Amortization
The notion of amortization is important in situations where we care
only about the total running time of a group of operations and don’t
care about the running time of each individual operation. For
instance, given a sequence of n operations, we may wish to bound the
total running time of the sequence by O(n) without insisting that each
individual operation run in O(1) time. We might be satisfied if a few
operations run in O(log n) or even O(n) time, provided the total cost
of the sequence is only O(n). The following implementation of aQueue
exploits the idea of amortization and provides O(1) snoc (insert)
and remove operations. This is achieved by using two internal lists,
one to represent the front of the queue and the other to represent the
tail.
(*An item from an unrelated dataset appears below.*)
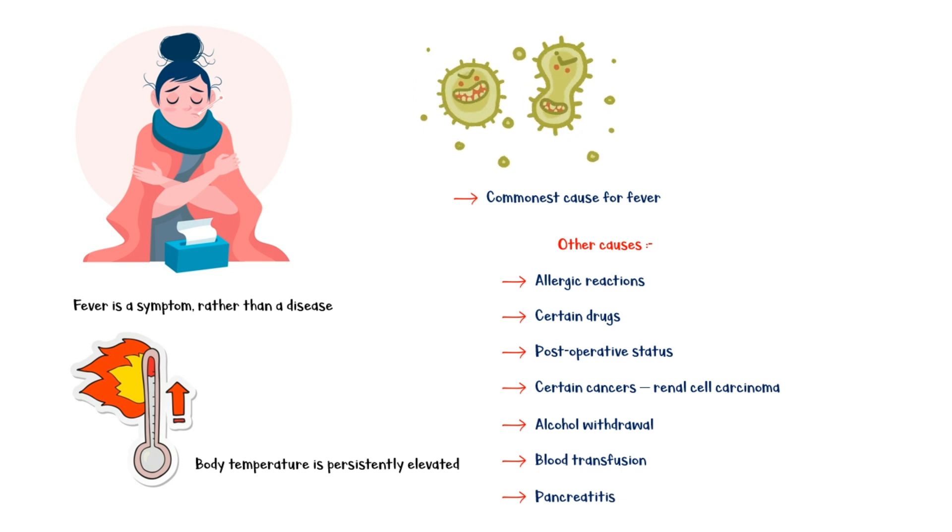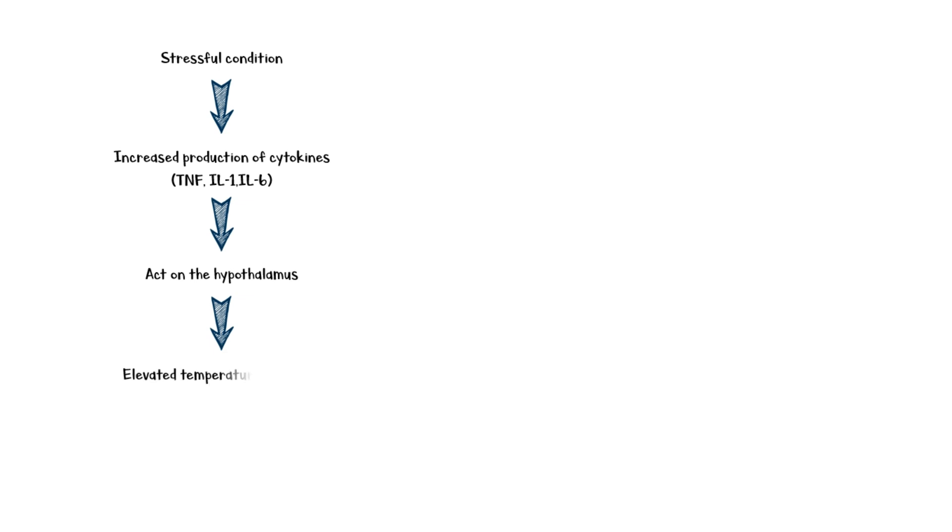In stressful conditions like infection, the body produces large amounts of cytokines, specifically tumor necrosis factor, and interleukins 1 and 6. These cytokines act on the hypothalamus, and they elevate the temperature set point to a level higher than normal. Now the hypothalamus tries to get the body temperature up to that point. In order to do so, it activates heat-producing mechanisms and inhibits heat-losing mechanisms. Ultimately, the body temperature will be increased, resulting in fever.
The implementation contains no mutable operation, so it can be safely shared by
concurrent processes without explicit synchronization:
(define (mk) (cons null null))
(define front car)
(define rear cdr)
(define (apply-invariant q)
(if (and (null? (front q))
(not (null? (rear q))))
;; reverse eats up the credits accumulated
;; by the elements in the list.
(cons (reverse (rear q)) null)
q))
;; Every snoc adds a credit of one to the new element.
(define (snoc q e)
(apply-invariant (cons (front q) (cons e (rear q)))))
(define (head q)
(if (not (null? (front q)))
(caar q)
null))
(define (tail q)
(if (not (null? (front q)))
(apply-invariant (cons (cdr (front q)) (rear q)))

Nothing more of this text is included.